As it stands, the student activities fee costs each student $300 per semester, the sum of which is allotted for the AAS to distribute to student organizations, clubs, and special interest groups. The fee, which was eliminated during the off-campus period of the pandemic, has since been gradually increased, but is still well below its pre-pandemic level of $365.

Some students, especially those for whom paying tuition already poses a substantial burden, might be reasonably concerned about any increase to college’s comprehensive fee. However, it’s worth noting that the student activities fee makes up only 0.7 percent of the annual price to attend Amherst, and it’s one of the first costs covered by financial aid. It should also be noted that an increase of the fee by $100 per student — to $400 — would yield an addition to the AAS’ budget of nearly $200,000, undeniably netting a transformative difference in the college’s student life.

It wouldn’t be enough for the fee just to return to its absolute pre-pandemic level: Inflation must be taken into consideration. Last academic year, the college acknowledged that necessity when it increased the comprehensive fee by 4.5 percent, as stated in an email sent by former President Biddy Martin on March 11. The student activities fee should follow suit.

Furthermore, the AAS has been attempting to increase its spending caps alongside inflation, so that students are not forced to spend out of their own pockets to cover event costs, which would place an unfair economic pressure on students in club leadership positions, and may even make these positions inaccessible for some students. However, it’s easy to see that increasing spending caps to keep pace with inflation is an unsustainable policy if the AAS’ revenue remains static. In order to ensure equity, the college must ensure that the AAS is adequately funded.

The importance of raising the student activities fee goes beyond increasing the number of Insomnia cookies or Antonio’s slices the AAS is able to fund, though — it’s a matter of expanding students’ democratic power. Whether it is by providing club sports teams with the resources to train and compete, bankrolling free PVTA access for all students, or funding concerts and other events like prom, the AAS — as the only democratically elected body representing students — has a unique ability to fund the events, clubs, and programs that students actually care about.

Moreover, President Michael Elliott’s new administration has based much of its rhetoric on the notion of the liberal arts being essential to a healthy democracy. As one of the only sources of democratically controlled funding on this campus, the AAS budget embodies the college’s renewed mission, simultaneously ensuring that resources are allocated where students want them — allowing students to practice, as Elliott put it in his Opening Convocation speech at the start of the year, “democracy with a lowercase d.”

Now more than ever, as we move toward rebuilding post-pandemic, it’s important to think about where we, as a college, allocate our resources. Although it represents roughly 0.7 percent of the total annual cost of attendance, the student activities fee funds a huge portion of the events and institutions that create community on this campus.
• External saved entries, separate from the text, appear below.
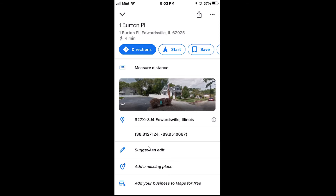And now right down here, it gives your GPS coordinates right down here.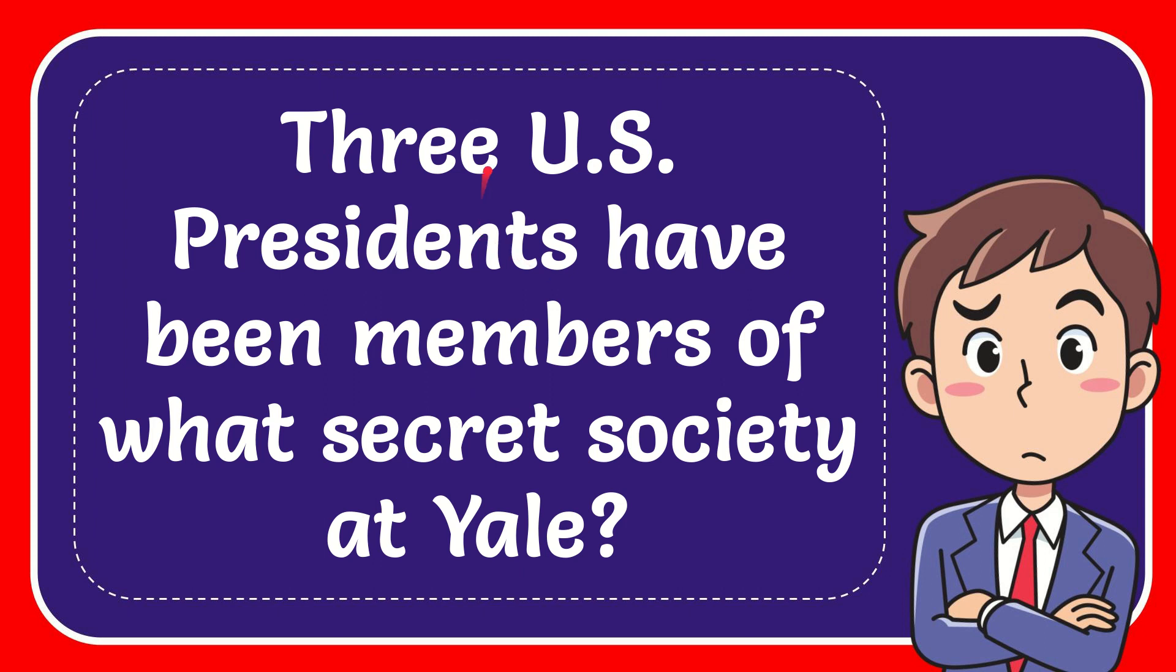In this video, I'm going to give you the answer for this question. The question is, three US presidents have been members of what secret society at Yale?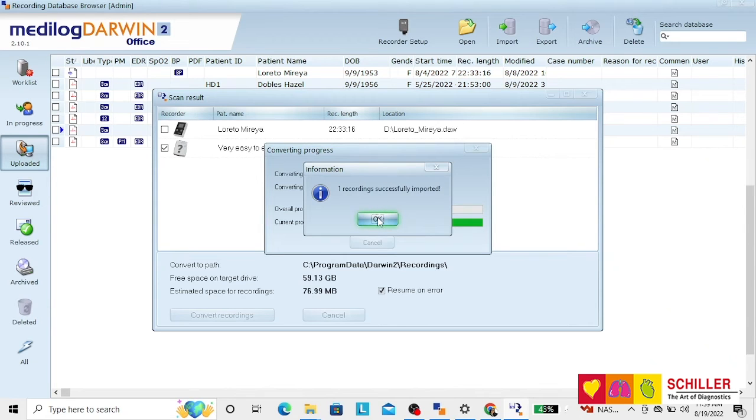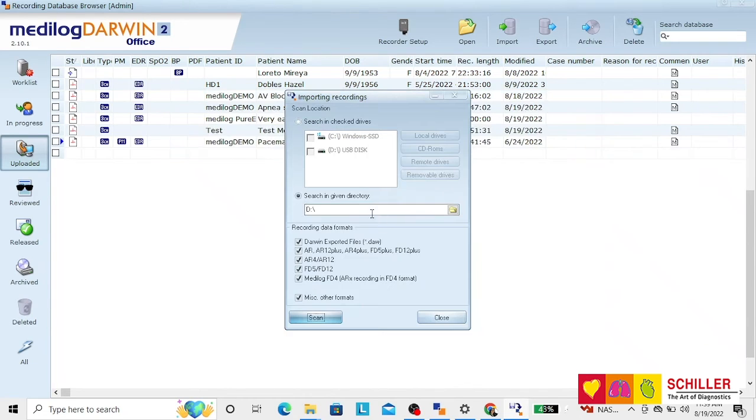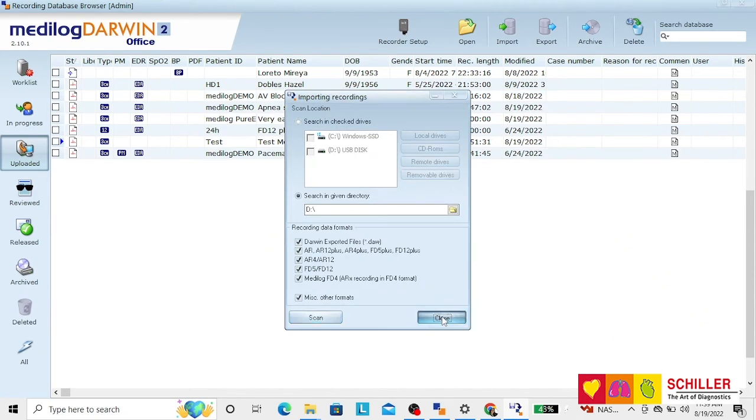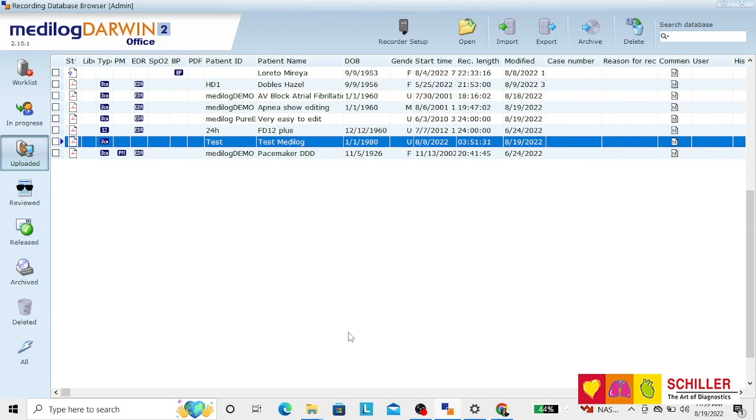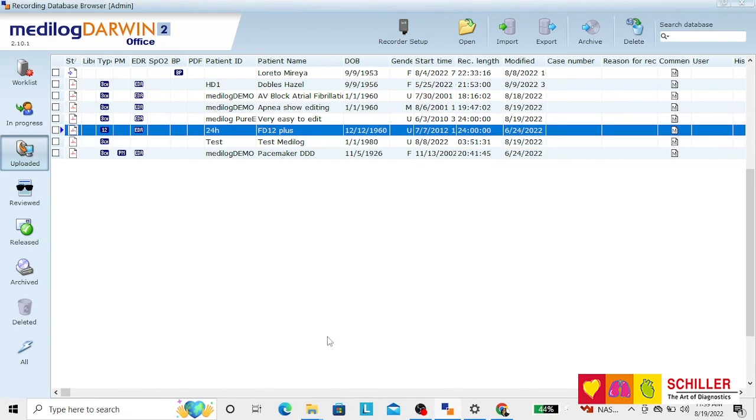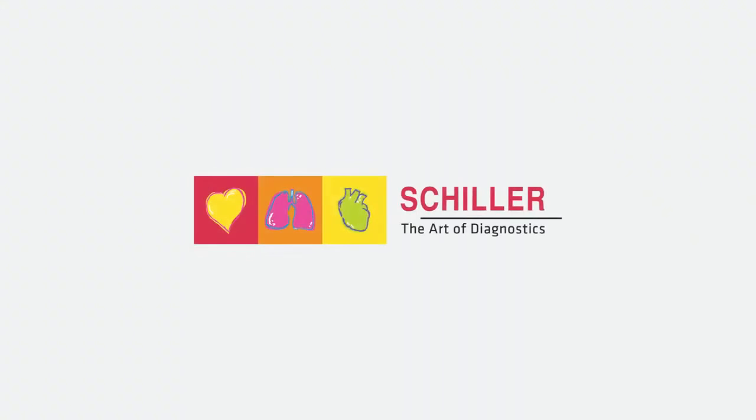Once the recording has been imported, click OK, close, and here you have the recording that you have just imported. The Observer will restart the next time that you restart your computer.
While the Editorial Board acknowledges that we may not have a complete understanding of all the logistics of managing and distributing the budget, we think it imperative that the college’s policies reflect the times. To improve student life, ensure equity, and as a step toward the college’s renewed emphasis on democracy, we believe that the administration and the AAS must work together to increase the student activities fee to its pre-pandemic level, accounting for inflation. The wheels of progress are oiled only by collaboration.

Unsigned editorials represent the views of the majority of the Editorial Board — (assenting: 17 ; dissenting: 0; abstaining: 0).